It’s All in the Genes – Have Humpbacks Really Recovered?

I was concerned to read today that the World Conservation Union (IUCN) has downgraded the status of the majority of the world’s humpback whale populations. They have been reclassified from the status of “vulnerable” to that of “least concern”. Exempt are small population in the South Pacific and the Arabian Sea, which maintain their endangered status. To my surprise, Southern Right Whales have also been down listed. Of course it is encouraging to see that these species once hunted to the brink of extinction are making a slow recovery, what concerns me is the baseline we are using to suggest that they are well on their way to approaching pre-exploitation levels.

Two reasons underlie my skepticism. Firstly, to suggest any species of great whale may be ‘bouncing back’ is an undeniable win for whalers who are quick to advocate a renewed kill, citing that populations can now afford to lose a few animals to the harpoon.

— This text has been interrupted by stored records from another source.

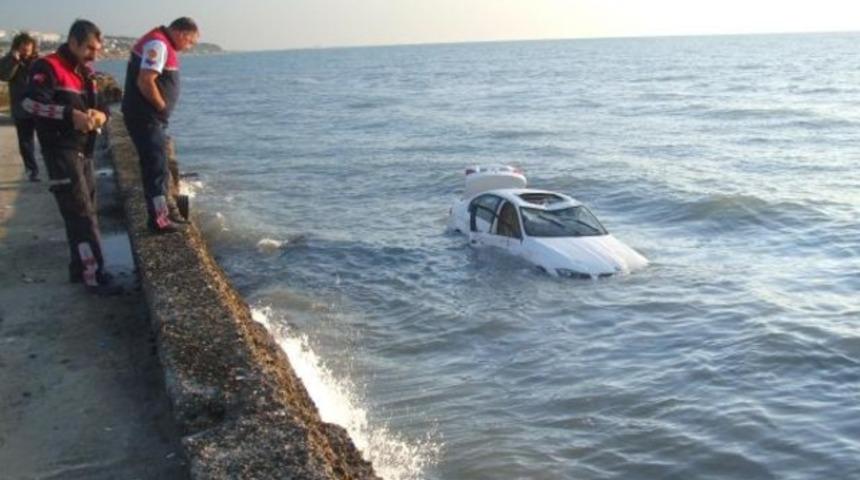Denize u&ccedil;an otomobilde, kemerini a&ccedil;amayınca boğuldu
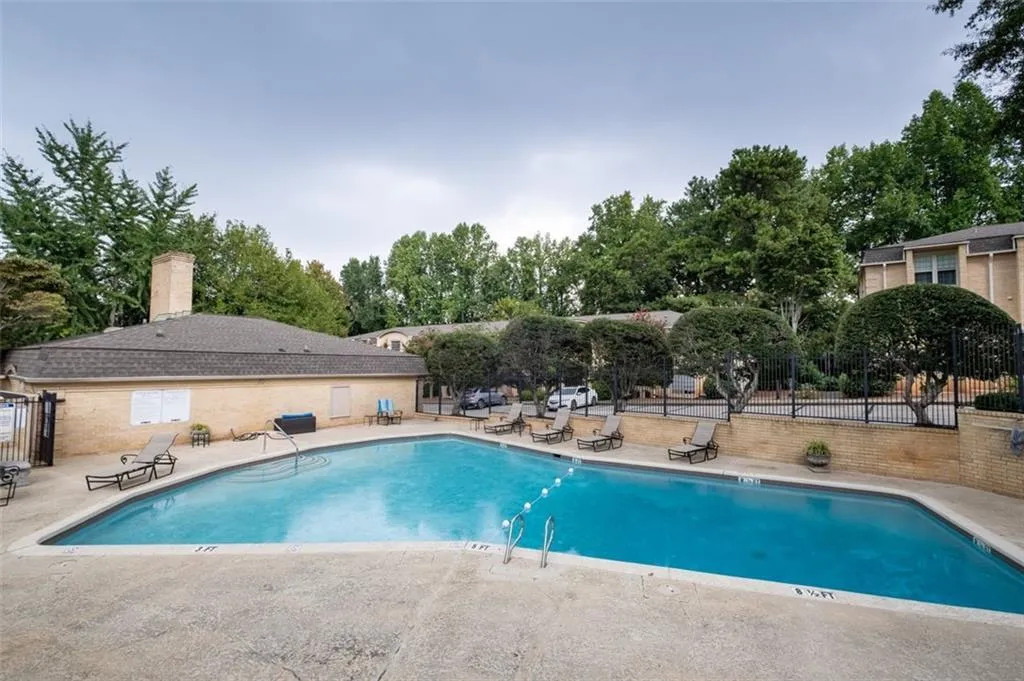5400 Roswell Road Unit D4, Sandy Springs, Georgia 30342, 3 Bedrooms Bedrooms, ,2 BathroomsBathrooms,Residential,Sold,5400 Roswell Road Unit D4,7274206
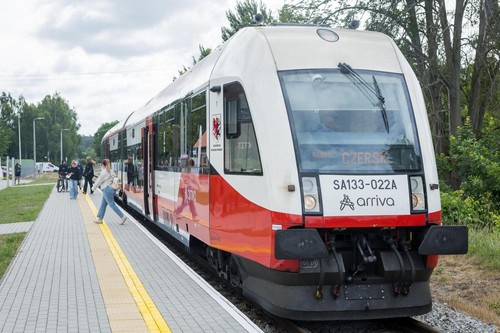 Zielone światło dla nowoczesnych pociągów! Nowe składy Pesy wkrótce na torach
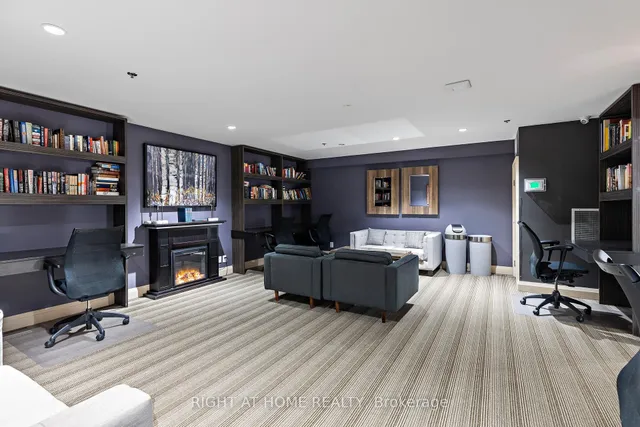 Additional image 34 of 205 Wellesley St Unit 205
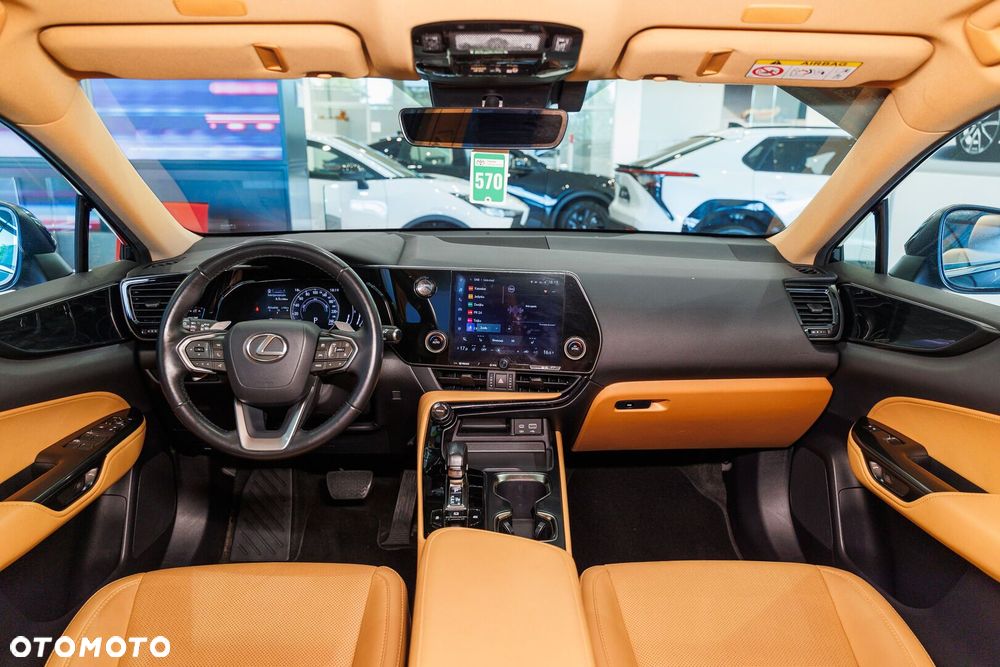 Lexus NX 350h Prestige 2WD - 8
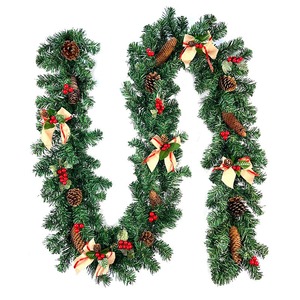 Guirlande de Noël artificielle en gros, décorée de lumières blanches, de cônes de pin et de grappes de baies, collection de Noël - Product Image 1
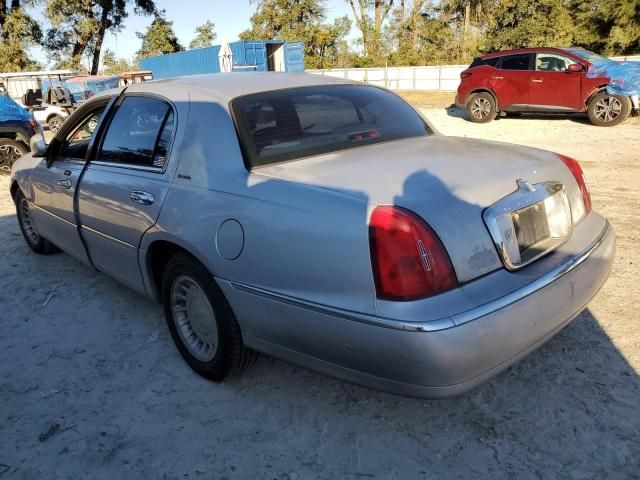 2001 Lincoln Town Car Executive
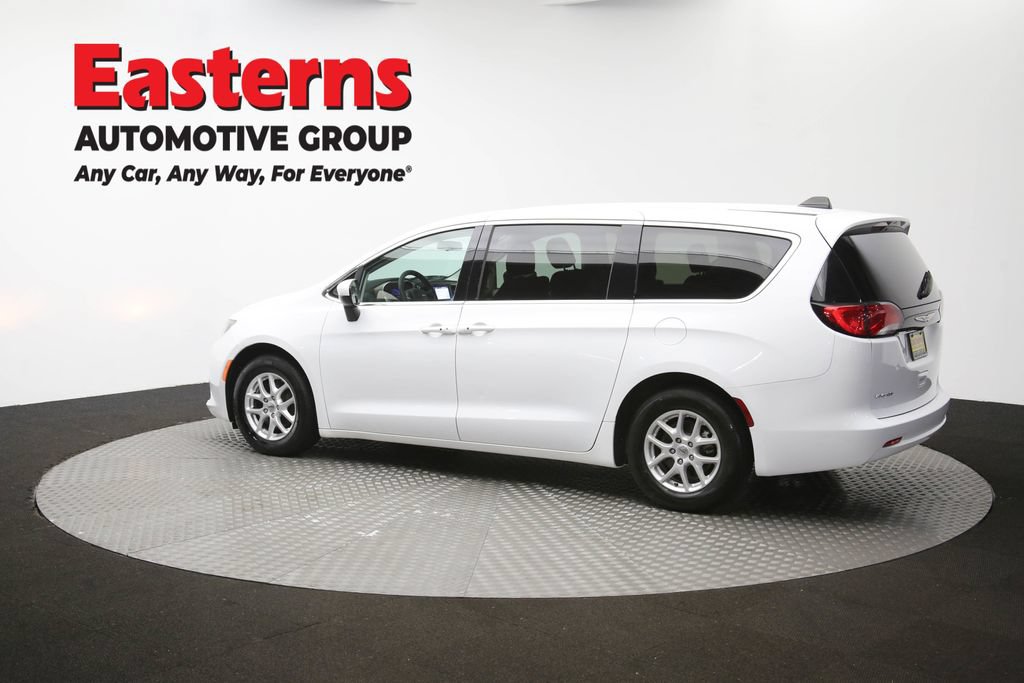 Used 2022 Chrysler Voyager LX FWD image 61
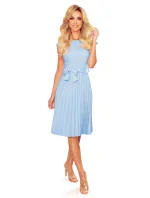 LILA Světle modré dámské plisované šaty s krátkými rukávy model 15433012 - numoco LILA Světle modré dámské plisované šaty s krátkými rukávy model 15433012 - numoco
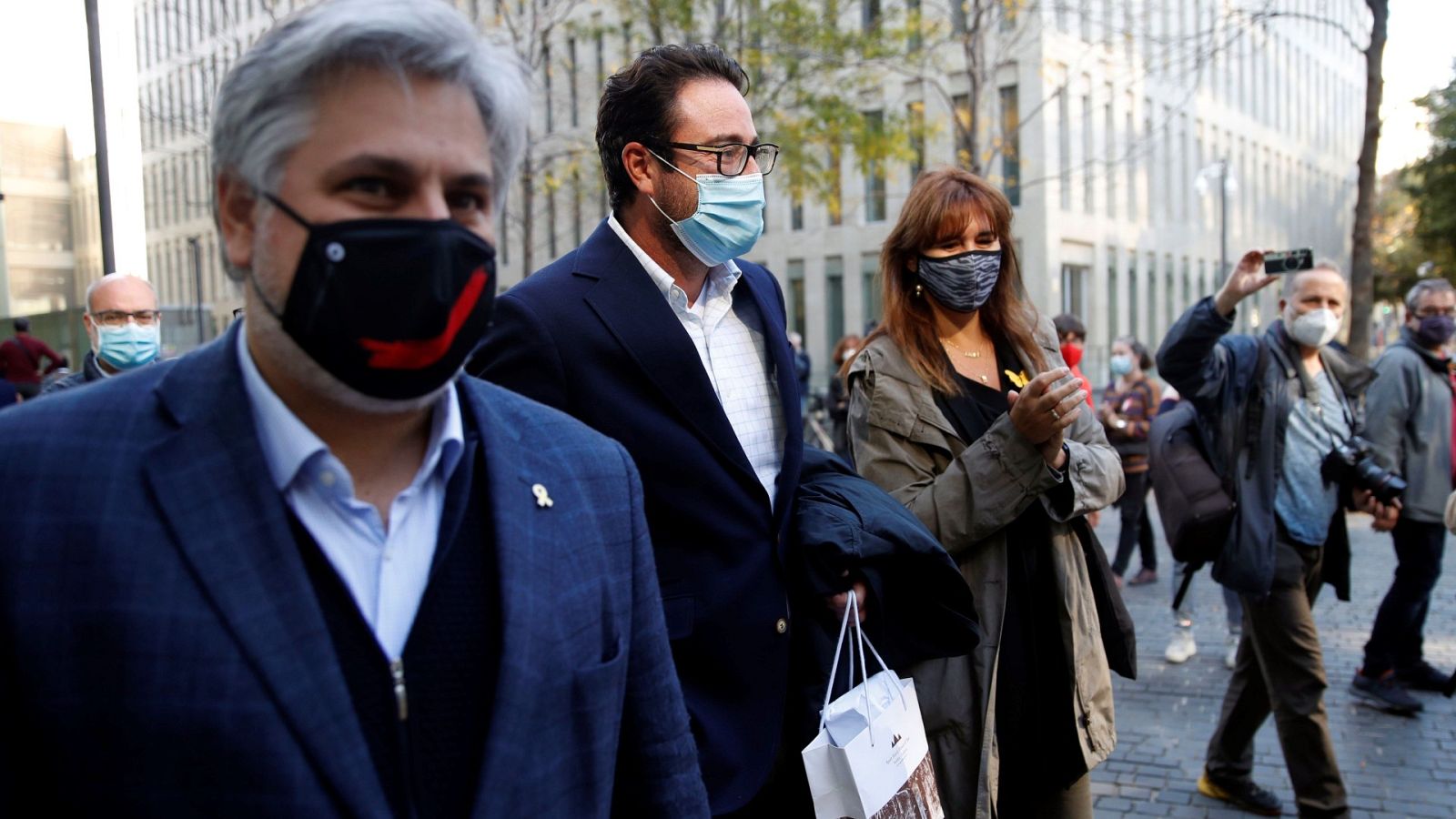 El juez deja en libertad a los detenidos por el presunto desvío de fondos para el independistmo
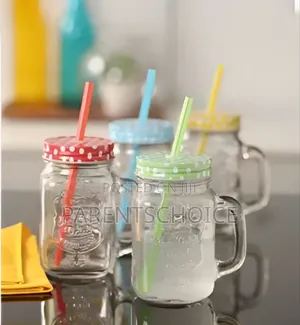 Mason Jar With Lid and Straw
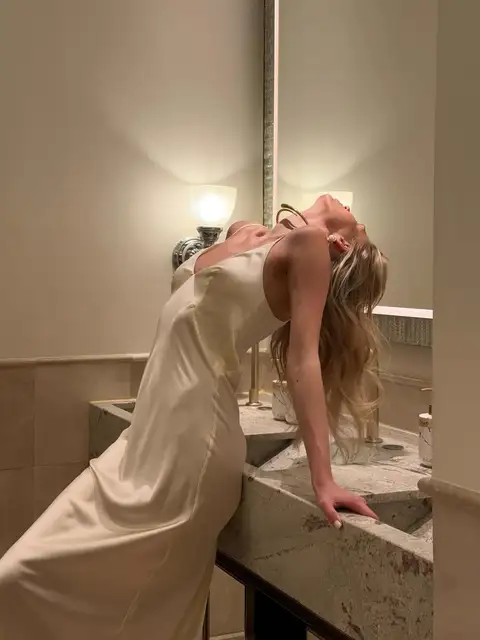 Caroline escort in London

Perhaps what is most disturbing and rarely considered, is how we decide a species has recovered to the point where there are enough animals in relation to historic levels, that they are viewed as recovering sufficiently.

In 2003, a paper published in the journal Science entitled Whales before whaling in the North Atlantic, by US marine ecologists Steve Palumbi and Joe Roman, highlights why we may be making a diabolical error when it comes to estimating safe population levels for great whale species based on what we think we know about historic population levels.

It is the role of scientific experts at the International Whaling Commission (IWC) to attempt to estimate the number of whales before whaling began in earnest in the seventeenth century. Based on whaling logbooks and other historical records, the commission for example calculated that there were probably around twenty thousand humpback whales in the North Atlantic. Therefore this is the baseline we now use to measure the recovery of this species in that region.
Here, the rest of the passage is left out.